Apesar de atualmente não considerarmos os desafios com relação ao acesso à educação como prioritário, vivemos num país em que 46% da população com mais de 25 anos não concluiu a escolaridade básica e temos a 9,3 milhões de brasileiros analfabetos[1]. Aprender a ler e ensinar os camaradas faz sentido no Brasil do século XXI.
O direito pleno à educação não nos foi reservada historicamente. Digo, nós pela natureza desta publicação, que apesar de abrir horizontes e ganhar espaços, nasce essencialmente dentro do território do Jardim Ibirapuera, ou seja, nós a população pobre e negra da periferia sul da Cidade de São Paulo.
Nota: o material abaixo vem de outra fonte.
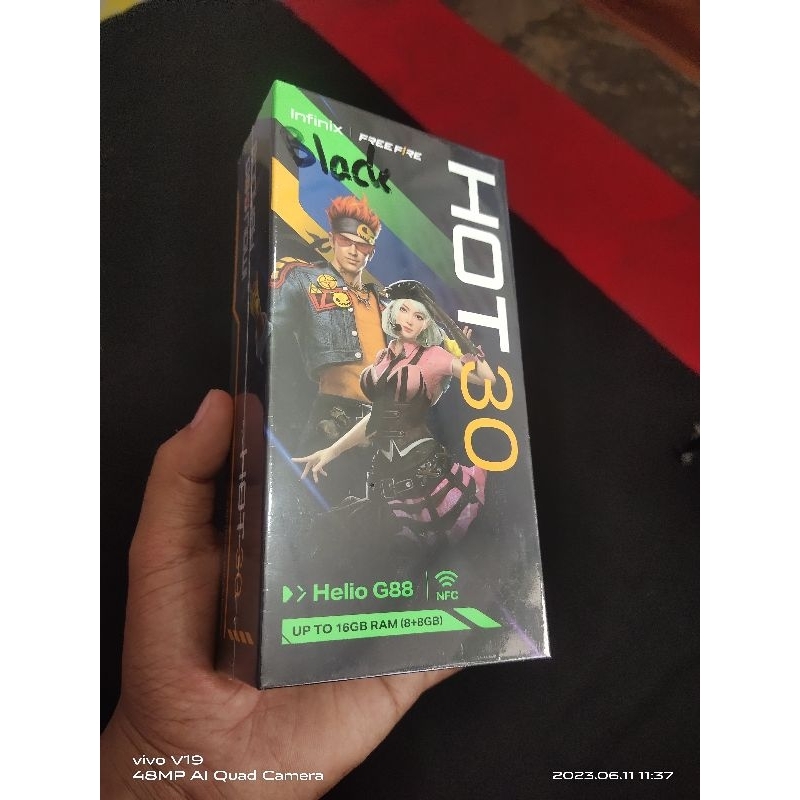 (NEW/BARU) HP Infinix Hot 30 NFC ram 8/128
Eu parto da premissa que o acesso à educação de qualidade foi e continua sendo um projeto popular e negro. A luta do clube de mães por creche é muito conhecida, contudo, durante os anos 70 e 80, existiu um protagonismo muito grande das mulheres na luta por escolas na zona sul[2]. Para além das condições de trabalho, muitas vezes evidenciada neste movimento social, o movimento em torno de creches e escolas, está atrelado ao reconhecimento da importância da educação e das possibilidades que esta permitia.
Esse reconhecimento aparece também nos relatos das mulheres filhas de empregadas domésticas, como eu, nascidas neste período que incorpora desde a advertência que “estude, para não limpar a privada de ninguém”, ou até mesmo, “estude e não dependa de ninguém”, até trazer para casa livros, jornais e revistas da casa da “patroa” para nutrir suas casas de palavras. As estratégias são inúmeras, lembro recentemente de escutar de uma grande pesquisadora da literatura que sua mãe a levava ao trabalho quando ela tinha 7 anos.
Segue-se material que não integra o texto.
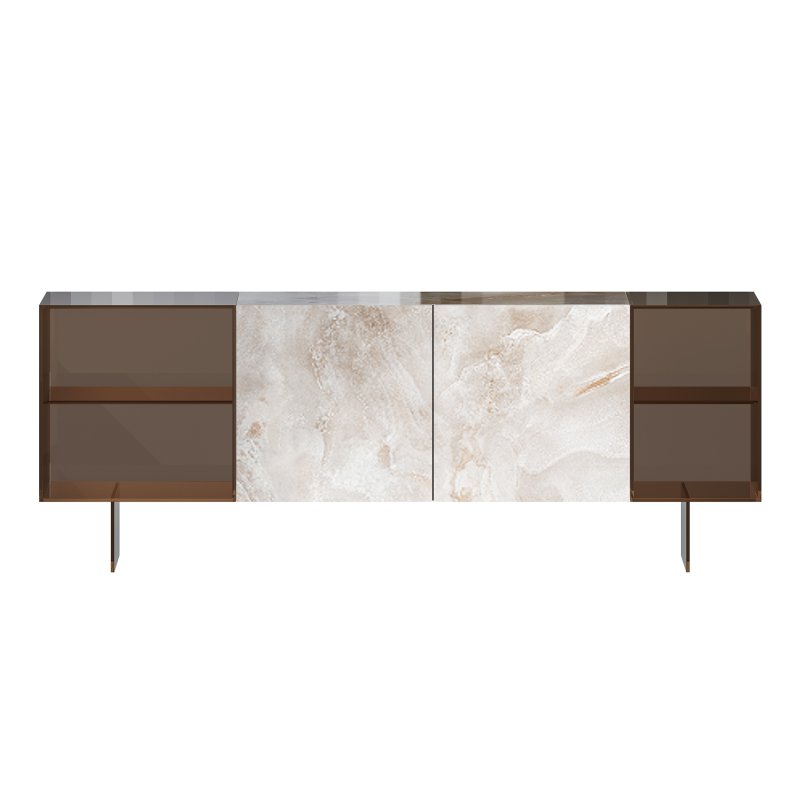 36e8 Glass Sideboard 04 - Image 4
Enquanto sua mãe trabalhava, a filha ficava mexendo nos livros da patroa, curiosa, tentando entender os milhares de códigos e escritas do direito, e que a patroa sempre advertia: “você precisa colocar sua filha para aprender a trabalhar. Ela precisa te ajudar e não ficar aí sem fazer nada. Ela vai sofrer muito”. Ela era uma criança negra de 7 anos!
O espaço e a intenção deste ensaio não nos permite avançar muito nas evidências da luta constante da população pobre e negra por educação. Nilma Lino Gomes em “O Movimento Negro Educador: Saberes construídos na luta por emancipação” enriquece esse debate a partir das contribuições para educação formal e comunitária dos movimentos negros. Antes de partirmos para olhar a escola, os profissionais e os desafios educação que temos nos dias atuais precisamos retomar brevemente nossa história contemporânea, afinal, “viver sem conhecer o passado, é viver no escuro.”[3]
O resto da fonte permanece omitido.